───── Dataset content ─────
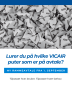 Vicair 750x750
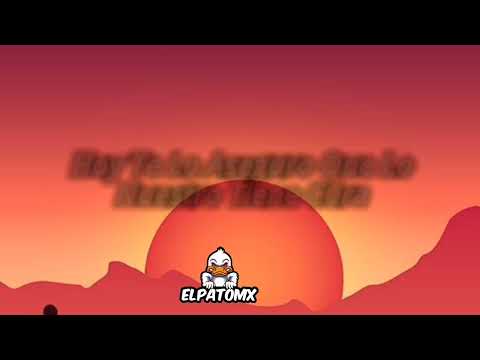 Letra Lqra #10 yoky barrios ft joss bones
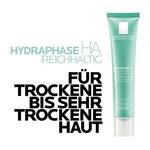 HYDRAPHASE HAReichhaltig – Bild 5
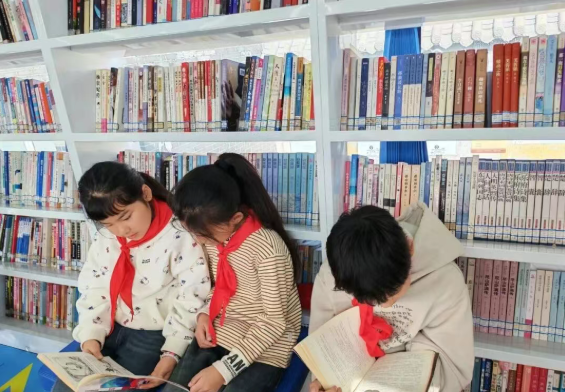 c9ab863441bdb2f2fe9273a5703e4016png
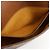 Louis Vuitton Monogram Musette Tango Short Shoulder Bag Brown M51257 - vista 19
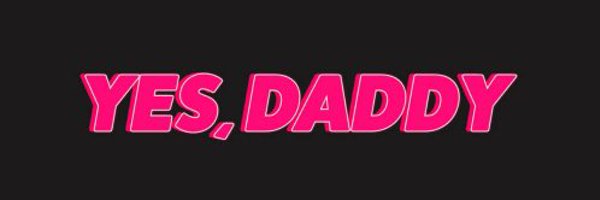 HChauds Profile Banner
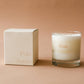 Palo Santo Candle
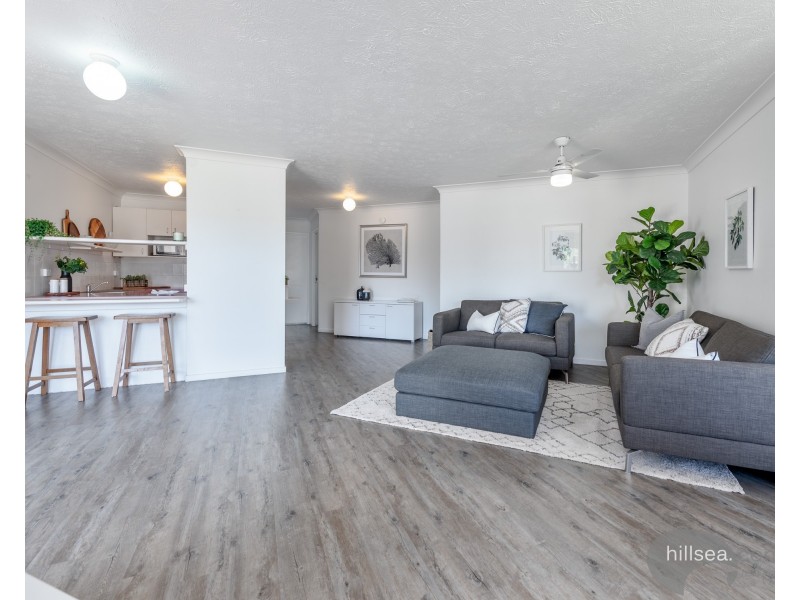 7/10 Brisbane Road, Labrador QLD 4215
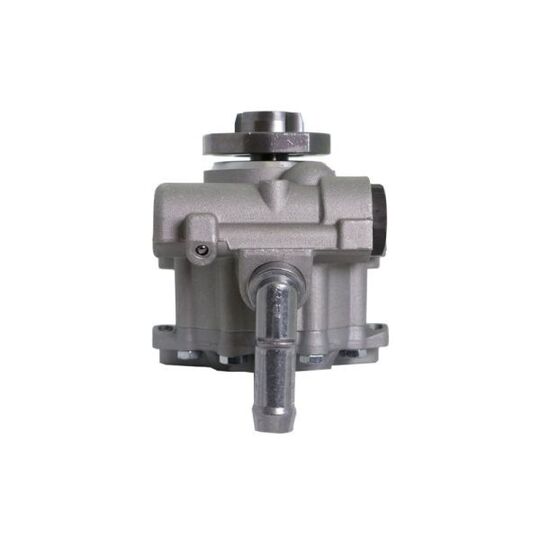 55.1574 - Hydraulic Pump, steering system 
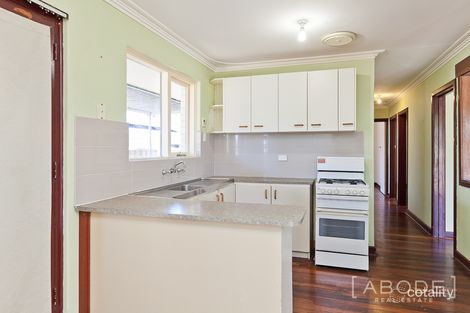Property photo of 22 Napier Road Morley WA 6062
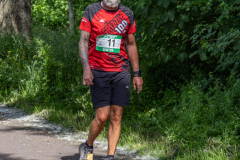 Wandelweekend-8816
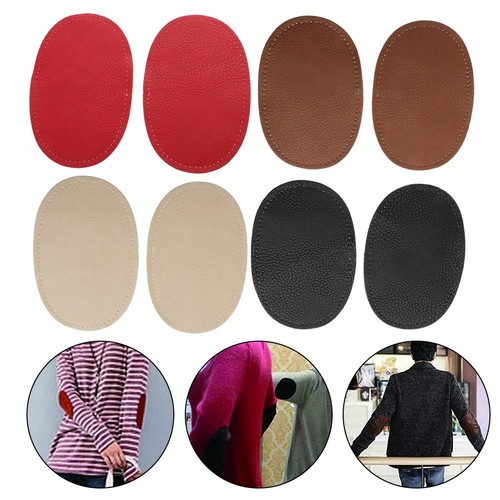 Superior quality leather - quality,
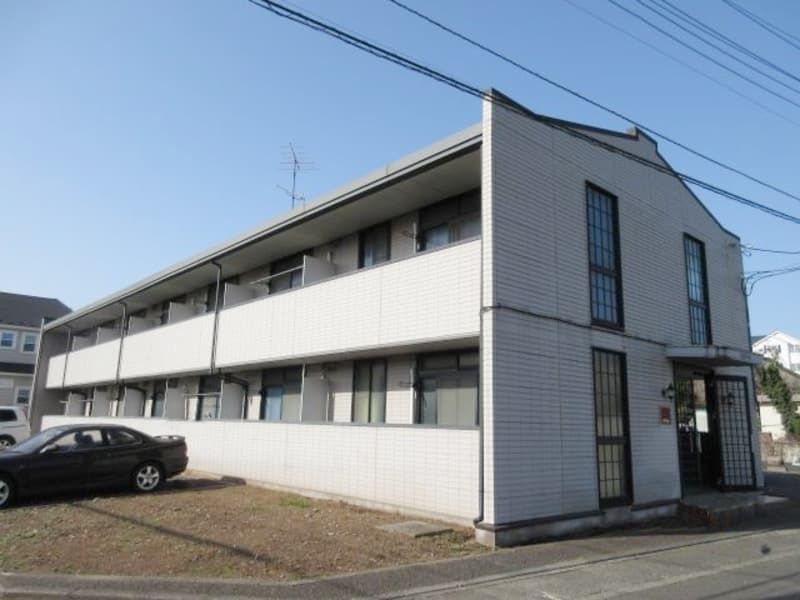 Room Image 1144225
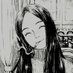 Amanda (@noesparabanar) Twitter profile photo Amanda (@noesparabanar) Twitter profile photo
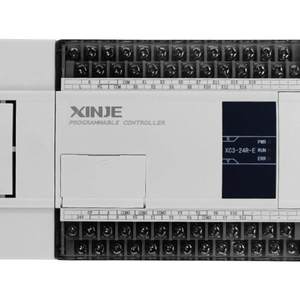 Machine tout-en-un à écran tactile Xinjie ZG3-30T-7 ZG3-30R ZG3-30RT ZG3-20R-4 ZG3-20T-4 ZGM-30T4 Fabriquée en Chine - Product Image 5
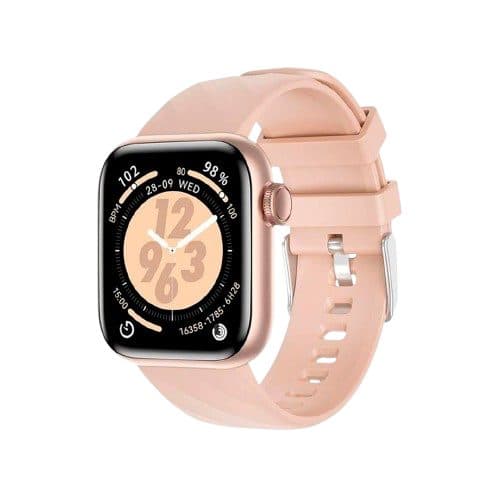 Smart Watch Tide Elegance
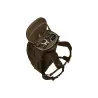 Thule Landmark, 60 L | Travel pack | Deep Khaki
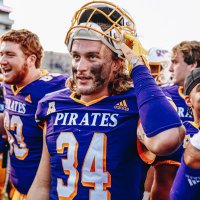 Jackson Barker (@jackson_barker_) 's Twitter Profile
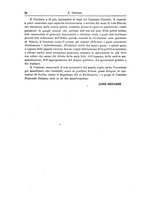 giornale/PAL0082232/1932/unico/00000030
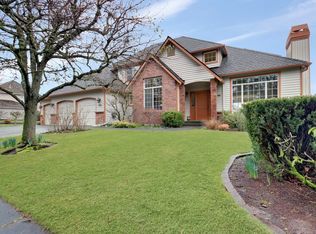1008 W St NW, Auburn, WA 98001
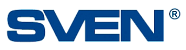 SVEN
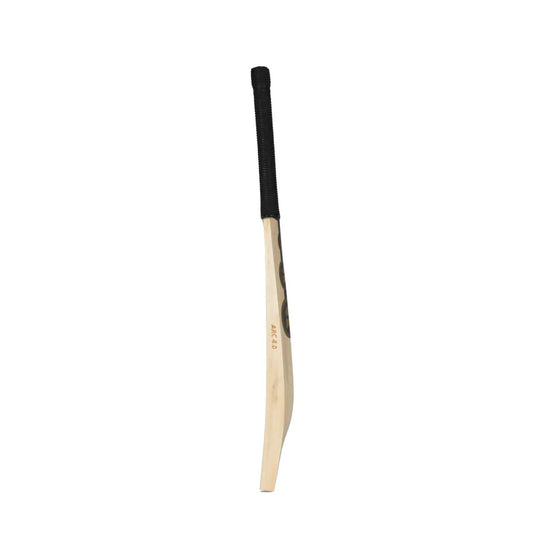 SG King Cobra Arc 4.0 Cricket Bat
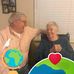 Mike Thomason - Facebook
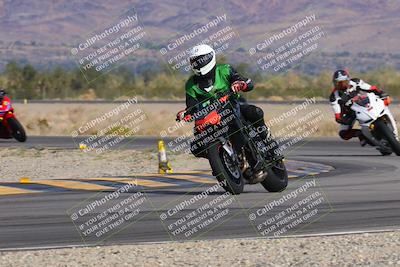 media/Nov-26-2023-TrackXperience (Sun) [[5492a056a2]]/Level 1/Session 2 (Turn 14)/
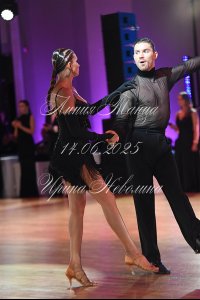 DSC_3680.JPG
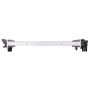 SPECTRA PREMIUM CU2342 Radiator
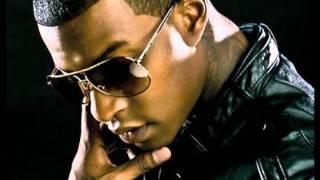 Leo of Nemesis   Well Done Prod  by Young Yonny  NEW 2011  HQ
─────
Instructions to follow: Ending at the line with "Palo Santo Candle", reproduce exactly the lines that begin at the top of the data, and include no pictures.

Answer to the problem:
 Vicair 750x750
 Letra Lqra #10 yoky barrios ft joss bones
 HYDRAPHASE HAReichhaltig – Bild 5
 c9ab863441bdb2f2fe9273a5703e4016png
 Louis Vuitton Monogram Musette Tango Short Shoulder Bag Brown M51257 - vista 19
 HChauds Profile Banner
 Palo Santo Candle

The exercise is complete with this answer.